On August 14, 2008, the FERC approved an Amendment to the FSM Settlement to allow the Lakehead system to include in the Facilities Surcharge particular shipper-requested projects that are not yet in service as of April 1st of each year, provided there is an annual true-up of throughput and cost estimates. Enbridge Energy, Limited Partnership, 124 FERC ¶ 61,159 (2008). The FERC also approved the addition of four new projects to the Facilities Surcharge (Docket No. OR08-10-000):

 

  (5) Southern Access pipeline;

 

  (6) Tank 34 at Superior Terminal and Tank 79 at Griffith Terminal;

 

  (7) Clearbrook Manifold; and

 

  (8) Tank 35 at Superior Terminal and Tank 80 at Griffith Terminal.

On August 28, 2009, the FERC accepted the supplement to the Settlement (Docket No. OR09-5-000) to allow the following three new projects:

 

  (9) Southern Lights Interim Period Impact;

 

  (10) Eastern Access (Trailbreaker) Backstopping Agreement; and

 

  (11) Line 5 Expansion Backstopping Agreement.

On March 30, 2010, the FERC approved the Acceptance of Settlement (Docket No. OR10-7-000) to permit the recovery of the costs associated with two new projects:

 

  (12) Alberta Clipper Pipeline; and

 

  (13) Line 3 Conversion Project.

On March 31, 2011, the FERC approved the Acceptance of Supplement to Facilities Surcharge Settlement (Docket No. OR11-5-000) to permit the recovery of the costs associated with one new project:

 

  (14) Line 6B Integrity:

Project 14 is designed to recover an estimated $175 million USD in capital cost and an estimated US$5 million in operating cost related to the 2010/2011 Line 6B Integrity Program, including costs associated with the Pipeline and Hazardous Materials Safety Administration (PHMSA) Corrective Action Order.

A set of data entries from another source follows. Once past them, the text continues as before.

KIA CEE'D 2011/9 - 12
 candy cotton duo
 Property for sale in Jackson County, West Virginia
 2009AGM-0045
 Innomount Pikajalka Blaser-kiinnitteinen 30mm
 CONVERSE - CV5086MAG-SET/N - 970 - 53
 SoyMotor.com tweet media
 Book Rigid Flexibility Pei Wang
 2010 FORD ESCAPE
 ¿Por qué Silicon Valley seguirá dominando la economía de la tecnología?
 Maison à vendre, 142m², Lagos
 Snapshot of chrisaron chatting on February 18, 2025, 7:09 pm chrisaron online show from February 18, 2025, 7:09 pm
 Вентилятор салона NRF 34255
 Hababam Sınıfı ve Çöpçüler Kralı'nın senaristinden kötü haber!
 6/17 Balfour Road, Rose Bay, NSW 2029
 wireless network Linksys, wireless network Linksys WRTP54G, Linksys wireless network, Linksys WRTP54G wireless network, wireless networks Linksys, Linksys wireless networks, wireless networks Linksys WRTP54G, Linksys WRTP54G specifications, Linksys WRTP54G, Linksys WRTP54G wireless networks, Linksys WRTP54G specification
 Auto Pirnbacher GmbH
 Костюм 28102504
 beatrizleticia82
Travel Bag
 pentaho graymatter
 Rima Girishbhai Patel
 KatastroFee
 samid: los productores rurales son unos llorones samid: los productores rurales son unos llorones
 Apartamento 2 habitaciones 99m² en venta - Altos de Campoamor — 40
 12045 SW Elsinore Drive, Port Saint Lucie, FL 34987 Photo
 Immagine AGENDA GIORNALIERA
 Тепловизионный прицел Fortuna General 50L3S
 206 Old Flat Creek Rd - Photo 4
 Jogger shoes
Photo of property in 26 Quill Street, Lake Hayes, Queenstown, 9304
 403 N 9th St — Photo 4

Enbridge Energy and CAPP have agreed that the costs associated with Line 6B Integrity Program should be recovered through the Facilities Surcharge Mechanism. Since the filing was uncontested, the Commission accepted the Supplement to Settlement on the grounds that it is fair, reasonable, and in the public interest.

In 2011, the Facilities Surcharge was $0.7522 per barrel for light crude oil movements from the International Border near Neche, North Dakota to Chicago, Illinois.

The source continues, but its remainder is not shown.